More than 140 people may be buried after a landslide in the town of Xinmo in southwest China Saturday.
Local officials are estimating 46 homes were buried under tons of rubble.
Chinese state news agency Xinhua reports that at least three people had been rescued and taken to a hospital with injuries it said were not life-threatening.
The landslide fell from "a high part of a mountain" nearby, the agency reports. Xinhua quoted the government of Sichuan province, where the town is located, as saying 141 people were missing.
"There are several tons of rock," police captain Chen Tiebo told the state television network CCTV, according to the BBC. "It's a seismic area here," he said.
The Sichuan government has dispatched more than "500 rescuers with 23 sniffer dogs and 16 life detectors" for search and rescue efforts, according Xinhua.

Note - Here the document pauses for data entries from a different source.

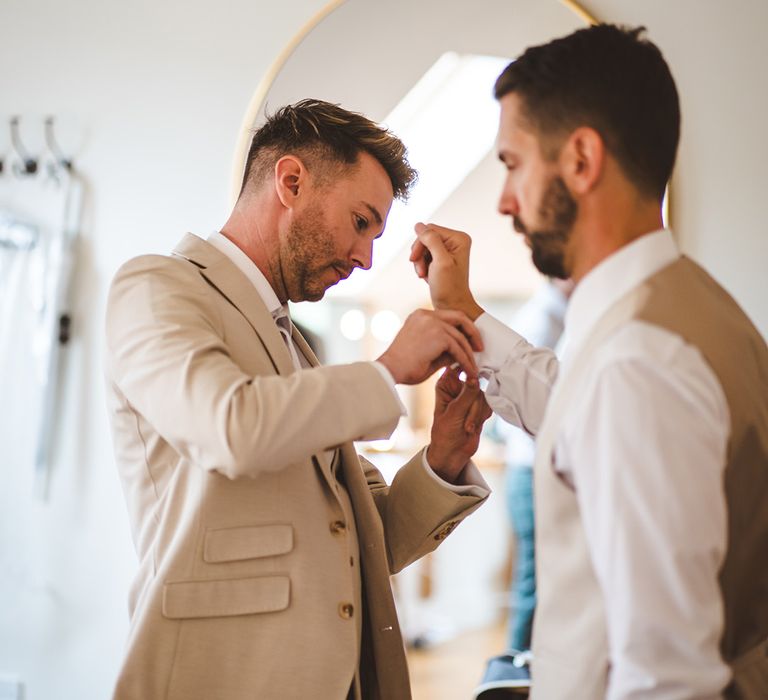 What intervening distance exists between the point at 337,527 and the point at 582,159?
2.13ft

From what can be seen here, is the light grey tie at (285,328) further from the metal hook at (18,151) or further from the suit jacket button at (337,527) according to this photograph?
the metal hook at (18,151)

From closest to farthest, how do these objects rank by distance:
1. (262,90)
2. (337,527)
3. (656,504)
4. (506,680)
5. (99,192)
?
(656,504) → (337,527) → (506,680) → (262,90) → (99,192)

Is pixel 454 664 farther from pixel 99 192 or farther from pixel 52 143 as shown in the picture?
pixel 52 143

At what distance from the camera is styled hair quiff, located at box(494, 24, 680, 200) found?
885 millimetres

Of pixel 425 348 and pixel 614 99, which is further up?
pixel 614 99

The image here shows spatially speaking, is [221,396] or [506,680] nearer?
[221,396]

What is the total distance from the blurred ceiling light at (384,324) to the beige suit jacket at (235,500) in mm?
781

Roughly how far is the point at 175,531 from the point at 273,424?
Result: 0.97 feet

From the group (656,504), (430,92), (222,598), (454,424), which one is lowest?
(222,598)

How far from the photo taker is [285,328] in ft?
4.64

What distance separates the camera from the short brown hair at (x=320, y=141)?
4.62 ft

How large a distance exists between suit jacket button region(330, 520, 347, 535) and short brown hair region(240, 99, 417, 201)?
58cm

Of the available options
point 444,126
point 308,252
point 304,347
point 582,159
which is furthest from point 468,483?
point 444,126

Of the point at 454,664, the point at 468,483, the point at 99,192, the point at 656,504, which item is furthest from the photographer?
the point at 99,192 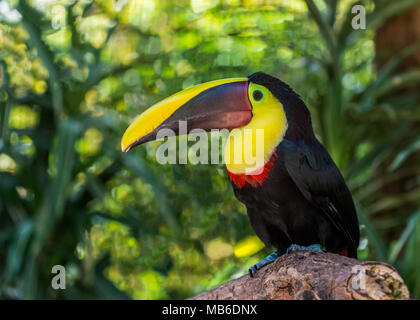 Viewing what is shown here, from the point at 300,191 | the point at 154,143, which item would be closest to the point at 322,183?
the point at 300,191

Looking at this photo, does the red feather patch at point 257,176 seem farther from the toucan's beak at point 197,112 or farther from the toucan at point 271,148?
the toucan's beak at point 197,112

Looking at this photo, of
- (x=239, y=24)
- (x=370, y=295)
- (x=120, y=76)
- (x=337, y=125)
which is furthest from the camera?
(x=120, y=76)

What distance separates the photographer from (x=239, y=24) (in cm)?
206

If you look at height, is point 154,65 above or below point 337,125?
above

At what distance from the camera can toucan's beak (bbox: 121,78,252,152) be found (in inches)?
46.7

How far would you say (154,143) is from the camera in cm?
216

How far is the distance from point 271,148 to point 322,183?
0.50ft

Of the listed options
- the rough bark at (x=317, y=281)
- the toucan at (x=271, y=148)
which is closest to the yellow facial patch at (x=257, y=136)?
the toucan at (x=271, y=148)

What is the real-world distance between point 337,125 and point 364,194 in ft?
1.44

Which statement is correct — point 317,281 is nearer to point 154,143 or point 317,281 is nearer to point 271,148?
point 271,148

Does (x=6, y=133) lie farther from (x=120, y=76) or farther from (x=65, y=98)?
(x=120, y=76)

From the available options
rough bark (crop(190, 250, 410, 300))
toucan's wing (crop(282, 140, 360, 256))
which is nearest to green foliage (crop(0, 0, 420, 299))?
toucan's wing (crop(282, 140, 360, 256))

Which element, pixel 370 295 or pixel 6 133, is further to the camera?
pixel 6 133

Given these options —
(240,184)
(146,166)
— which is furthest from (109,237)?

"Initial accounts from villagers nearby said there had been rain in the area, but some said it was not very heavy and there was no sign of an impending landslide," NPR's Rob Schmitz reports from Shanghai.
More children than usual may be in the town because China's schools are on vacation, Schmitz adds.
The landslide fell around 6 a.m. local time, Xinhua says, and also blocked a section of a nearby river and buried about a mile of a road.
The town remains without power, the agency adds, and the regional government has approved about $730,000-worth of rescue funding.
A massive earthquake hit the Sichuan province in 2008, which left about 90,000 dead or missing, and the BBC notes it also caused a landslide that killed 37 tourists.